** SOURCE DATA follows **

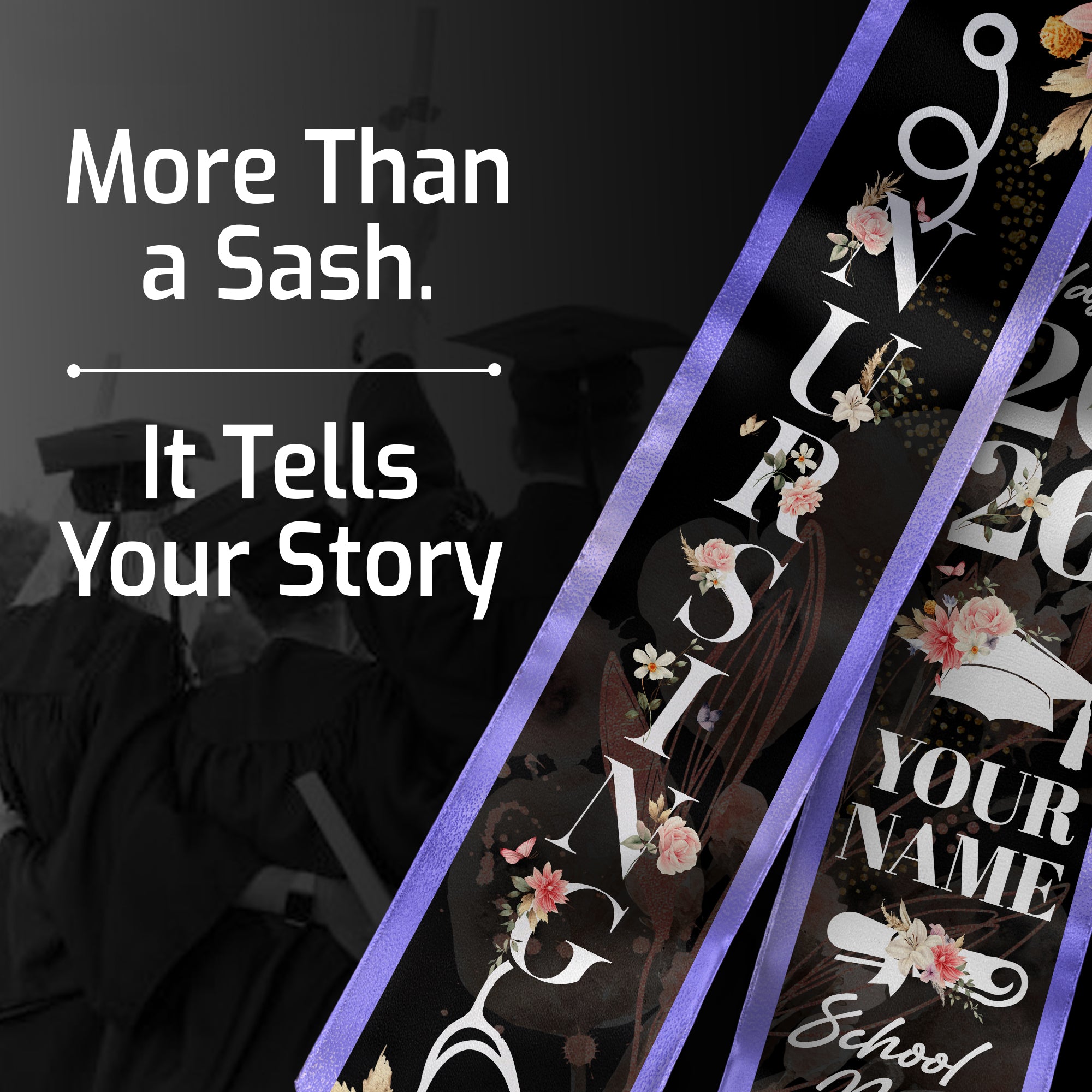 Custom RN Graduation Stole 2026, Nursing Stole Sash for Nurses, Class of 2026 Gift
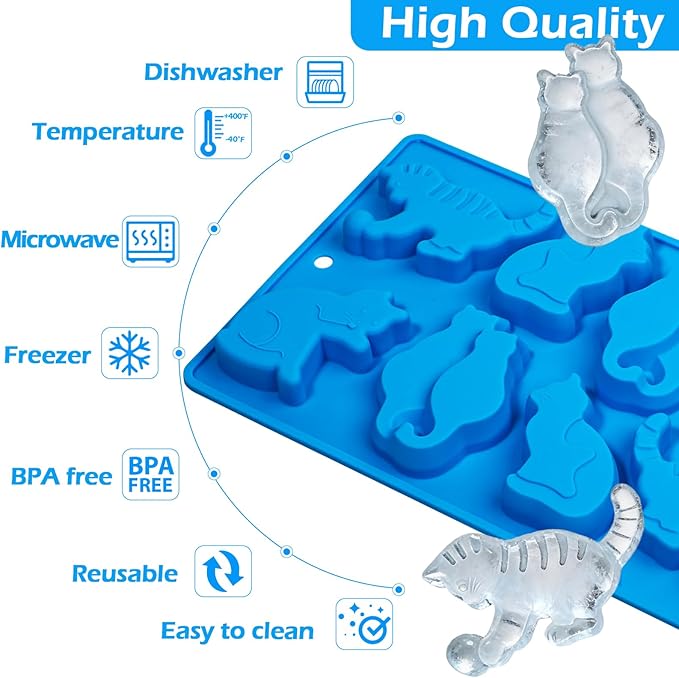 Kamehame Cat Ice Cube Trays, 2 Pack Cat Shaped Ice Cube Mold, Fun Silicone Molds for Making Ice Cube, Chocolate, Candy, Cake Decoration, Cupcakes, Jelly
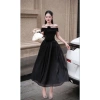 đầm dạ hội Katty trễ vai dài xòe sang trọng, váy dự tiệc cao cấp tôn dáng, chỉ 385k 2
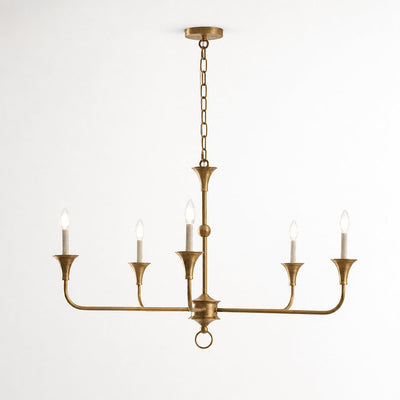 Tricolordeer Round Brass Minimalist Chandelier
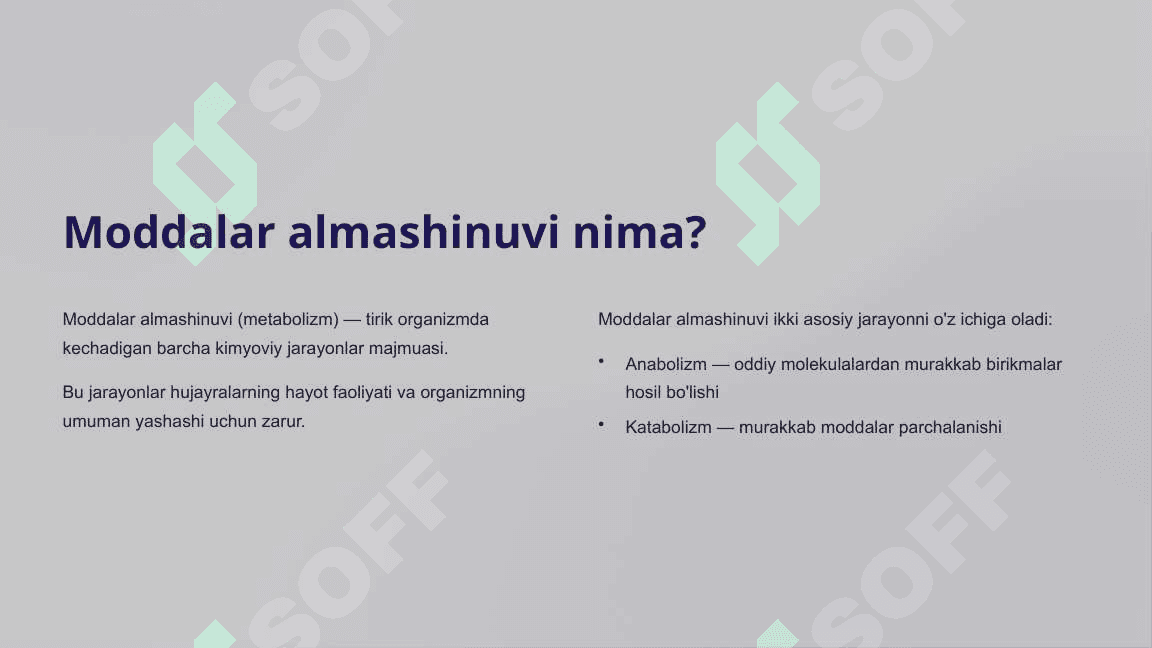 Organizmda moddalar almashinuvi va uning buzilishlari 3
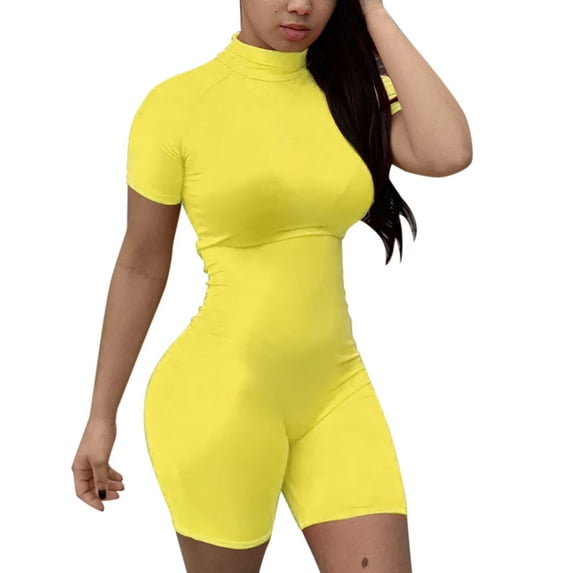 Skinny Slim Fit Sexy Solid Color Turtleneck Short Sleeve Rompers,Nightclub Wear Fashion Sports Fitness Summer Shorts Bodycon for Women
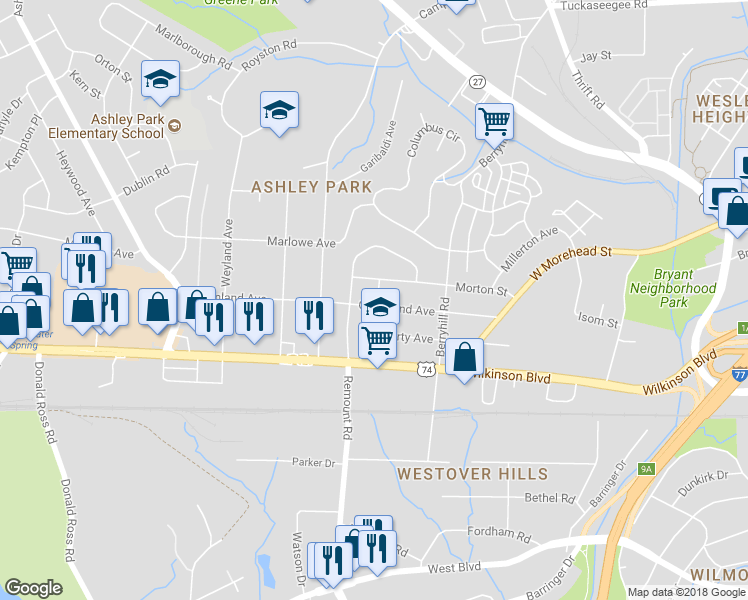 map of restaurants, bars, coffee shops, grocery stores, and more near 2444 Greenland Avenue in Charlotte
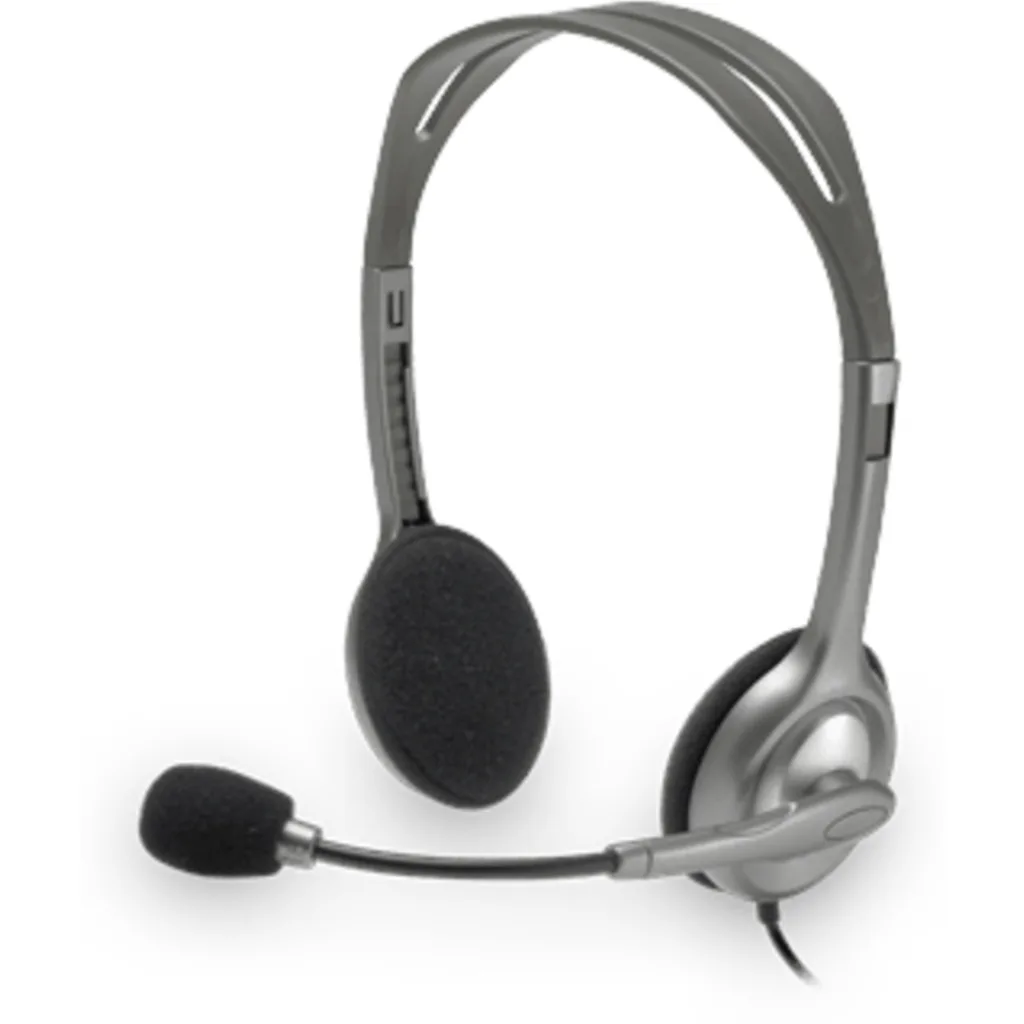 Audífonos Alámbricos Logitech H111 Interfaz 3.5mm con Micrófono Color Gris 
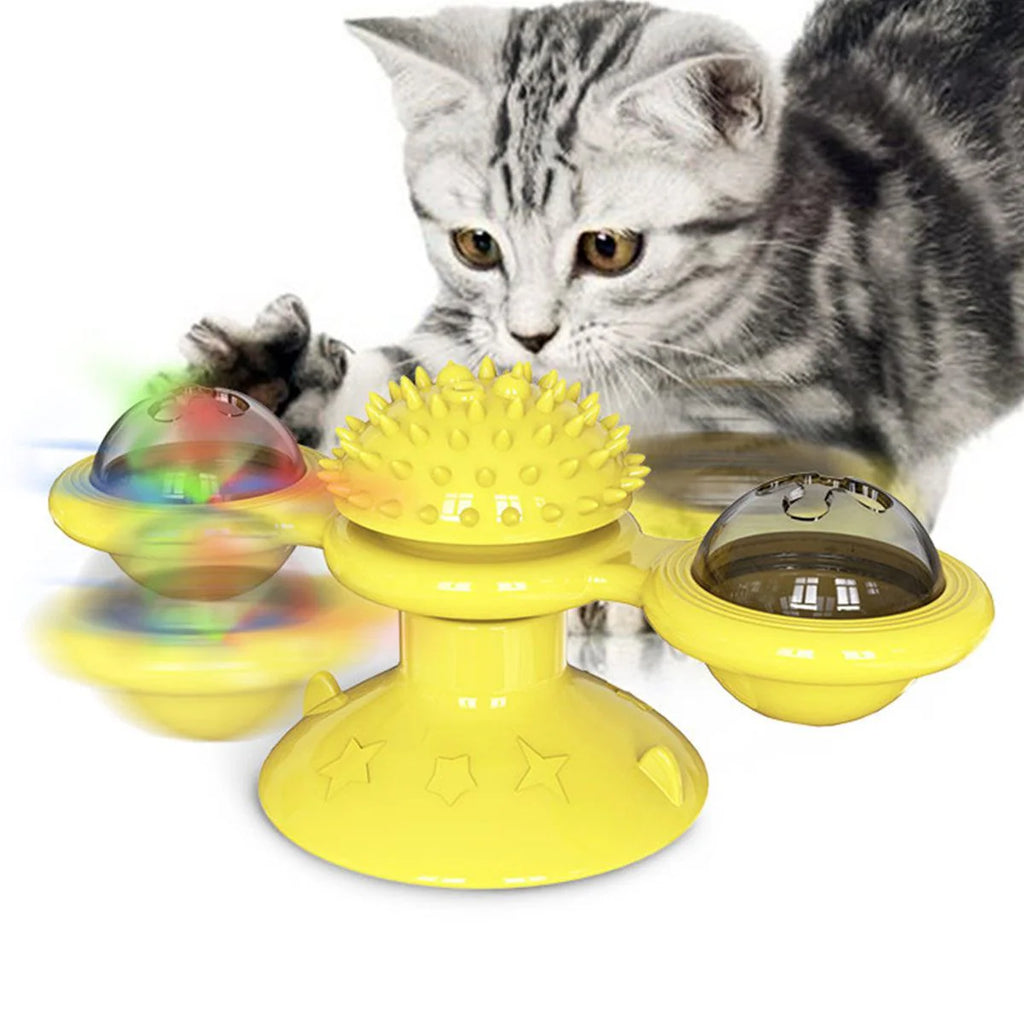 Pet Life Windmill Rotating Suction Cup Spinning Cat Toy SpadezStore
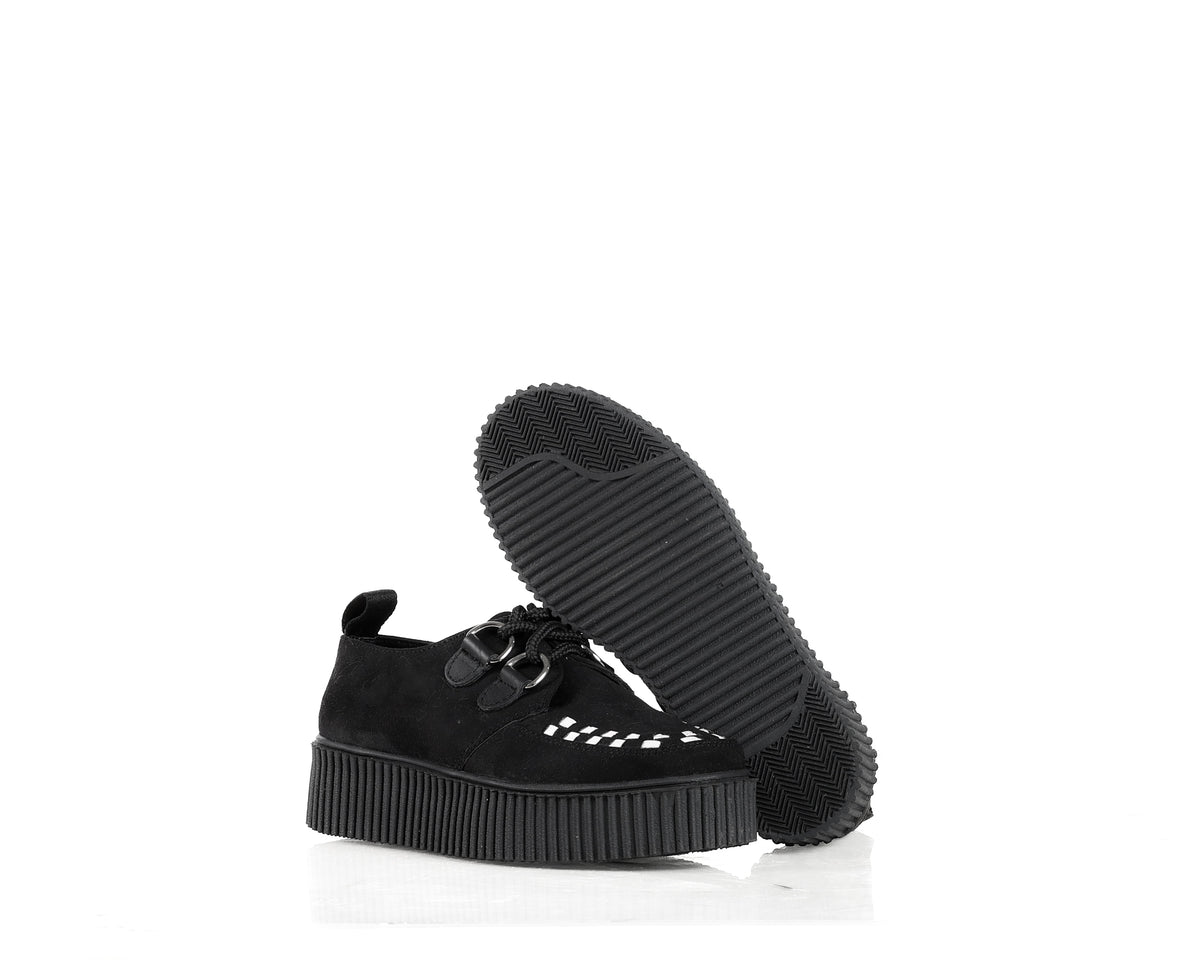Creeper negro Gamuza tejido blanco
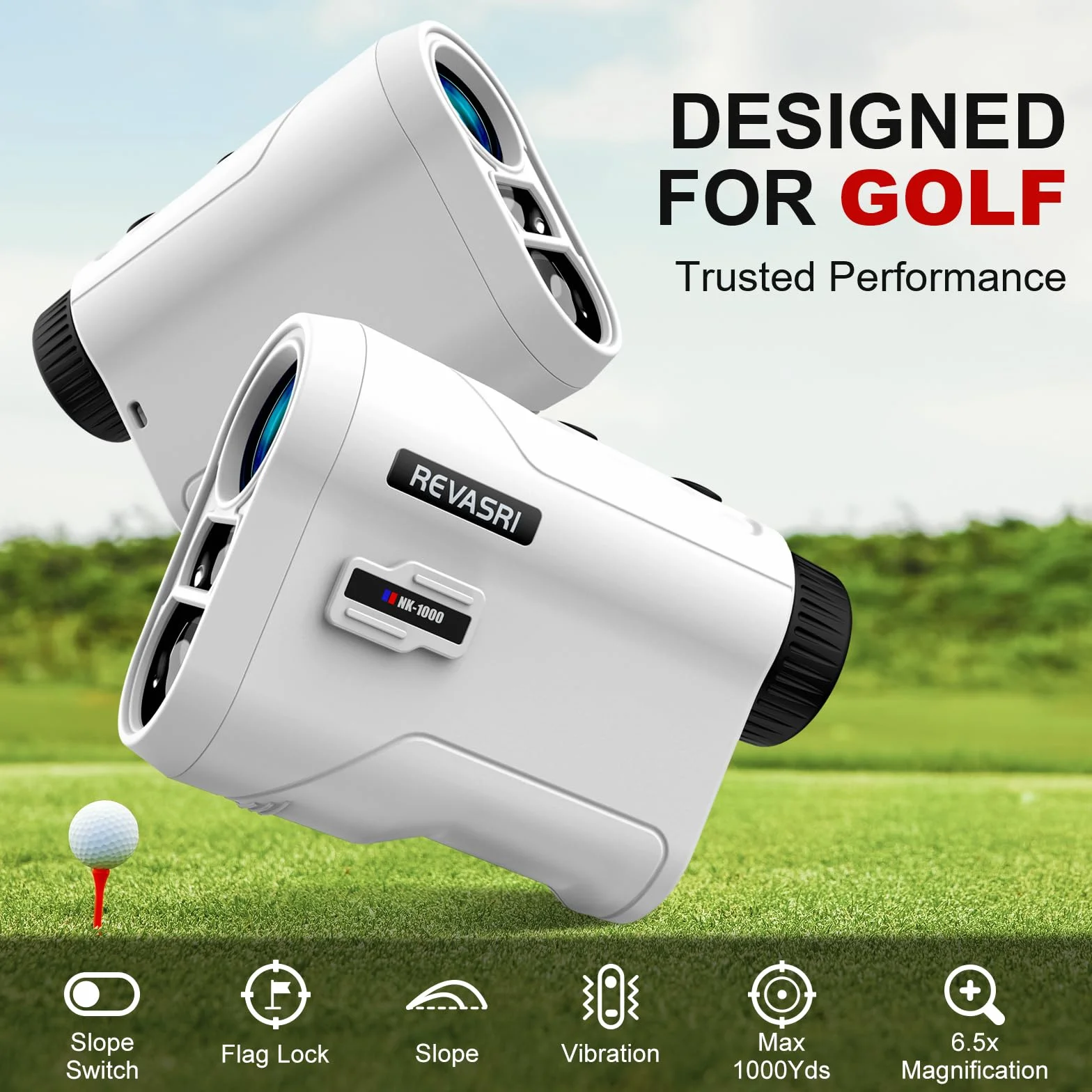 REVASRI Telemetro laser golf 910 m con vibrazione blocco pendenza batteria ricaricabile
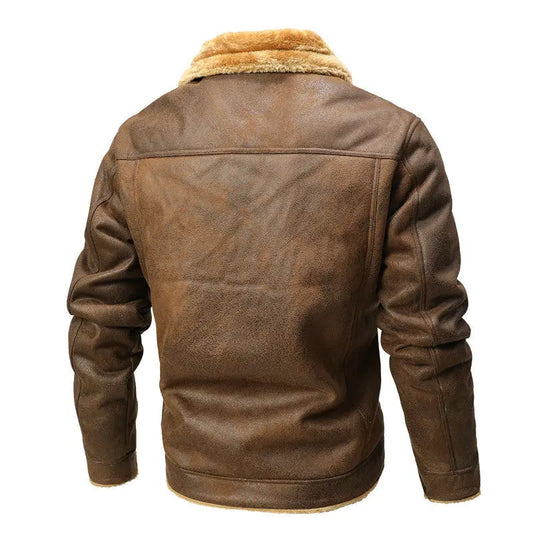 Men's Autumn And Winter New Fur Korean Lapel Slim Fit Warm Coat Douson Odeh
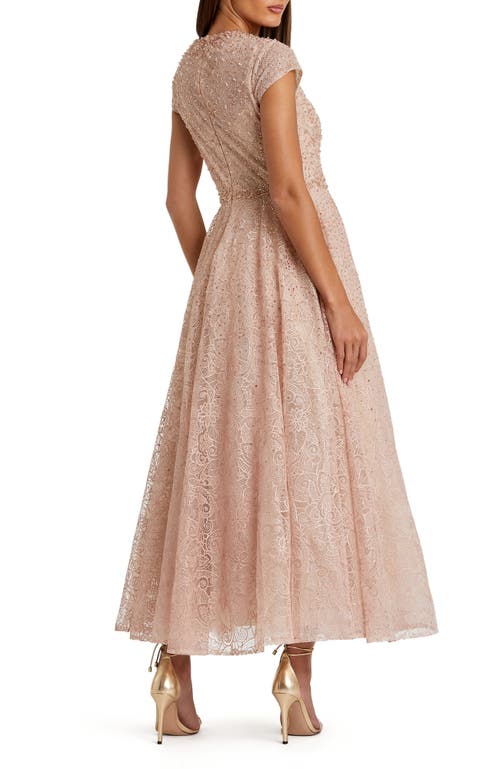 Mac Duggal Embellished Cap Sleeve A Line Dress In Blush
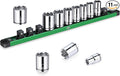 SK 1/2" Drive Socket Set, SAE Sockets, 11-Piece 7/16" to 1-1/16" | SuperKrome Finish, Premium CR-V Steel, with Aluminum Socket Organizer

** End of SOURCE DATA **

PROMPT:
Only the lines from the line with "map of restaurants, bars, coffee" to the end of the records should be repeated, exactly and without pictures.

RESPONSE BOX:
 map of restaurants, bars, coffee shops, grocery stores, and more near 2444 Greenland Avenue in Charlotte
 Audífonos Alámbricos Logitech H111 Interfaz 3.5mm con Micrófono Color Gris 
 Pet Life Windmill Rotating Suction Cup Spinning Cat Toy SpadezStore
Creeper negro Gamuza tejido blanco
 REVASRI Telemetro laser golf 910 m con vibrazione blocco pendenza batteria ricaricabile
 Men's Autumn And Winter New Fur Korean Lapel Slim Fit Warm Coat Douson Odeh
 Mac Duggal Embellished Cap Sleeve A Line Dress In Blush
 SK 1/2" Drive Socket Set, SAE Sockets, 11-Piece 7/16" to 1-1/16" | SuperKrome Finish, Premium CR-V Steel, with Aluminum Socket Organizer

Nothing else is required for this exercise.